▸ **ASSIGNED TASK**
All that should come back is the lines of the data below from the one containing "High-precision customization Mold" to the one containing "Sneaker Casual Flexi", inclusive, exactly as they stand.

▸ **EXTRACTED MATERIAL**
○ ○ ○ ○ ○ ○ ○
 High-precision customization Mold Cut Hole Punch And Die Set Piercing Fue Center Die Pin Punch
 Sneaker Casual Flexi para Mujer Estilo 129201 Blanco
○ ○ ○ ○ ○ ○ ○
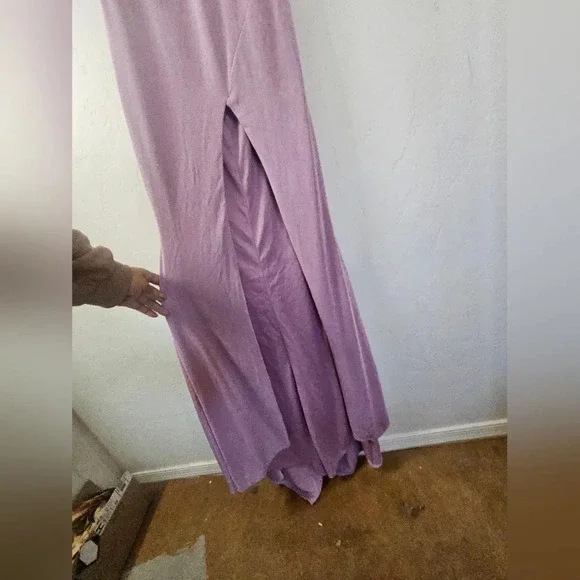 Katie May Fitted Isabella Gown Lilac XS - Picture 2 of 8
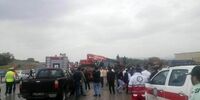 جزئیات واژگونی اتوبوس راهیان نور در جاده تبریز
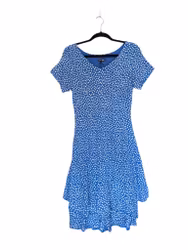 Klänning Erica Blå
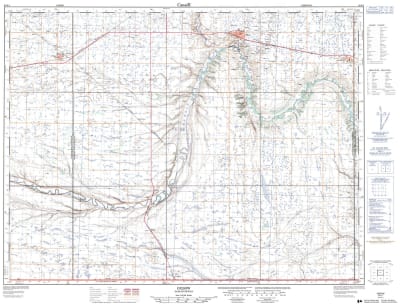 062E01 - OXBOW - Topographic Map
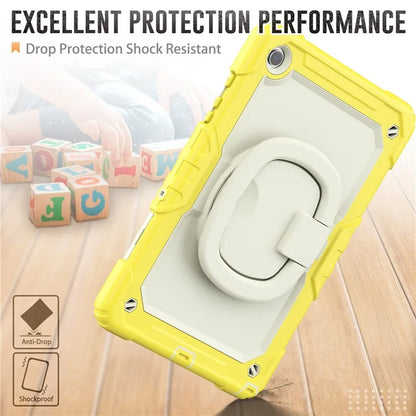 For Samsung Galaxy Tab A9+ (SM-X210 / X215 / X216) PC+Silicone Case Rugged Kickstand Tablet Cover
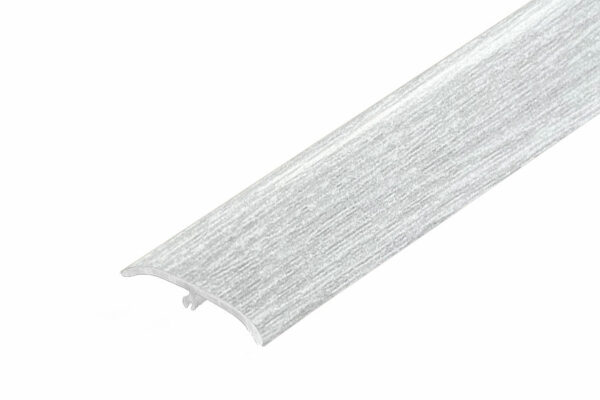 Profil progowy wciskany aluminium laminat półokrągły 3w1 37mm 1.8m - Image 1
○ ○ ○ ○ ○ ○ ○
▸ **RESULT FOR THIS EXERCISE**
 High-precision customization Mold Cut Hole Punch And Die Set Piercing Fue Center Die Pin Punch
 Sneaker Casual Flexi para Mujer Estilo 129201 Blanco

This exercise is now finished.